Voir Gravity après tout le tapage qui a été fait autour du film, c’est comme perdre son pucelage après avoir bouffé du porno pendant des années de manière intensive. Quelle que soit la qualité finale, on est toujours un peu gêné.
Cette entrée en matière manque certes de subtilité, je vous l’accorde volontiers, mais l’acuité de l’image n’en est pas moins exacte.
Gravity a fait les choux gras de la presse et des amateurs de toutes sortes. Qu’en est-il vraiment ?
Gravity est un film avant tout esthétique. Il vous propose probablement les plus belles images que vous ayez vues depuis au moins… longtemps. C’est magnifique. Les plans déchirent la rétine, ils vous scotchent au canapé en même temps qu’ils vous soufflent et vous font fermer votre grande gueule de pseudo intello qui veut raconter qu’il a vibré comme jamais en restant assis sur du Skaï.
Vous êtes dans l’espace, les plans sont splendides. C’est surprenant, sublime, intéressant. Vous êtes happés, vous en redemandez.
La réalisation et les événements viennent enrober ce joyaux d’une étoffe de grande classe. Le déroulement crée un vrai suspense né de l’inédit, de la différence. On est dans l’espace, et ça fout les jetons.
Mais un écrin, aussi extraordinaire soit-il (et ici, il l’est), ne demeure qu’un écrin.

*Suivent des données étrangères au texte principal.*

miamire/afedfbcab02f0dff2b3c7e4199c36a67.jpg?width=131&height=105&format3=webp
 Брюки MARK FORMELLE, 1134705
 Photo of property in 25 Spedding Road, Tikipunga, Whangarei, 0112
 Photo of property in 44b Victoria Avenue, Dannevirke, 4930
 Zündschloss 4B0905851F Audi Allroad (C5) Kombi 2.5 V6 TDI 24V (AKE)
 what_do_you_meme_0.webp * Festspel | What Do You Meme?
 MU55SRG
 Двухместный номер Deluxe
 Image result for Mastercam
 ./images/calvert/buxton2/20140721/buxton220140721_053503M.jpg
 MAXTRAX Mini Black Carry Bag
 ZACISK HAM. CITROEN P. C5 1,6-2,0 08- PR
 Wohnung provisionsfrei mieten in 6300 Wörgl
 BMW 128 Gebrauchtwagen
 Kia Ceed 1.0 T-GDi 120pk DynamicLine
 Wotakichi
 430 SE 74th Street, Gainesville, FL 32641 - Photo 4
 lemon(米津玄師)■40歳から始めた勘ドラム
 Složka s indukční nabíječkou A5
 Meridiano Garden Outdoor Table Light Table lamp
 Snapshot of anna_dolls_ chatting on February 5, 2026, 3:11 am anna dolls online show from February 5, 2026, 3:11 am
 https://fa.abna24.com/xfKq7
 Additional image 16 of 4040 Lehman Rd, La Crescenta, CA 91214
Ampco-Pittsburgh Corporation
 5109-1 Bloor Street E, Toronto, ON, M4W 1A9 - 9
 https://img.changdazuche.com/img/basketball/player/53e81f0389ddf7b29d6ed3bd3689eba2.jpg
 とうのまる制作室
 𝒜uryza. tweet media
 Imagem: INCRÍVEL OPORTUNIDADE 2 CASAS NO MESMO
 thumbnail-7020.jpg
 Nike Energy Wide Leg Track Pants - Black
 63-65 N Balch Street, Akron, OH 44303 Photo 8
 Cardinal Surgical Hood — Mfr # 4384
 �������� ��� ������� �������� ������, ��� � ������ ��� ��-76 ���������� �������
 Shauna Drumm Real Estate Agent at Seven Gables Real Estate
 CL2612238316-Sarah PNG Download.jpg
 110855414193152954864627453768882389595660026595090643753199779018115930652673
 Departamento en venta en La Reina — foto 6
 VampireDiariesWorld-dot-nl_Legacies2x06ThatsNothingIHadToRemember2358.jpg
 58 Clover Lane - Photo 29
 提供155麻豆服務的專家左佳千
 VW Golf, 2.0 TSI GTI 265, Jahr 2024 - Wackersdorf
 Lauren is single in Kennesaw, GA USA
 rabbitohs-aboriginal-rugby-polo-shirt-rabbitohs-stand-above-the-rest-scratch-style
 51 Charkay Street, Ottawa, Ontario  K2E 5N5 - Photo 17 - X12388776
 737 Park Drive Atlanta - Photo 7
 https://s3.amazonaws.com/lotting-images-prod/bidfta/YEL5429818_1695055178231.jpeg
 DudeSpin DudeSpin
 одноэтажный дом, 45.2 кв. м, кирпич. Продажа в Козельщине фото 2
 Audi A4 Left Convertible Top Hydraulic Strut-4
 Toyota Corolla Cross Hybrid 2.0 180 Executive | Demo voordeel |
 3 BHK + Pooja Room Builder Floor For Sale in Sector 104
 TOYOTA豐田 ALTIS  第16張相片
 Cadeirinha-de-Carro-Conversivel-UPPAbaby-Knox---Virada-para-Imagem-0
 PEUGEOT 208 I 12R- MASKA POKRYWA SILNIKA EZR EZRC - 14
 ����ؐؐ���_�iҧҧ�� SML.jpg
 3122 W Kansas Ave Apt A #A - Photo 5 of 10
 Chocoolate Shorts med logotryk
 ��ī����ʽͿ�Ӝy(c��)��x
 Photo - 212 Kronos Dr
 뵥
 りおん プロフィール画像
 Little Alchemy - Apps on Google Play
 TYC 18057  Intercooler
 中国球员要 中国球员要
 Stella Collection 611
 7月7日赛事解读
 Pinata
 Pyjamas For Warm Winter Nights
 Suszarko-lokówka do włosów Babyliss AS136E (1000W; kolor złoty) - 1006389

Un film ne peut se contenter de n’être qu’un assemblage de trouvailles, même géniales, un mix réussi d’effets visuels époustouflants sur une ambiance sonore originale et réussie, tant dans les musiques (malgré leur trop grande présence), épiques, que les bruitages et l’organisation du son de manière générale.
Un jour, quelqu’un a dit que pour réussir un film, il fallait trois éléments : une bonne histoire, une bonne histoire et une bonne histoire. C’est là que le bât blesse. On n’accroche pas aux enjeux des deux personnages.
Si on se laisse emporter par le frisson, par la sensation d’étranglement, par ces vertiges inconnus que le cadre et les situations provoquent, si on se sent oppressé par ce vide et par ce silence qu’on voudrait, lui, plus présent, on se fout de tout le reste, des raisons, du pourquoi, du comment et de la suite. On voudrait voir les débris faire un tour de plus du cadran, mais Matt et Ryan, leurs histoires perso, ce qui les pousse, tout ça, ça ne sert à rien, c’est moche et c’est mal fait. C’est un peu pédant, tentant de vous tirer une larmichette à la pince monseigneur, mais ça n’a aucune vigueur. C’est aussi ridicule qu’incohérent. Gravity, c’est là qu’il retombe. Les ressorts narratifs qui sont liés aux personnages et à l’histoire tombent à plat, agacent, coupent le rythme, essoufflent le film et le spectateur. Le scénario est plat et le film se bouffe de l’intérieur. Comme un bête blockbuster farci de belles images qui n’a rien à raconter.
Voilà le contrat. Gravity vous propose un voyage. Un voyage dans un endroit que vous ne connaissez pas, dans des circonstances que vous ne vivrez pas, qui vous permettra de voir des choses que vous ne verrez jamais autrement. C’est le deal. Et Gravity et Cuarón remplissent leur part à merveille, parce que Gravity n’est rien d’autre que ça. Un moment fulgurant d’évasion, un truc hyper calibré, hyper travaillé, une baffe de rien. Rien d’autre. Vraiment rien d’autre.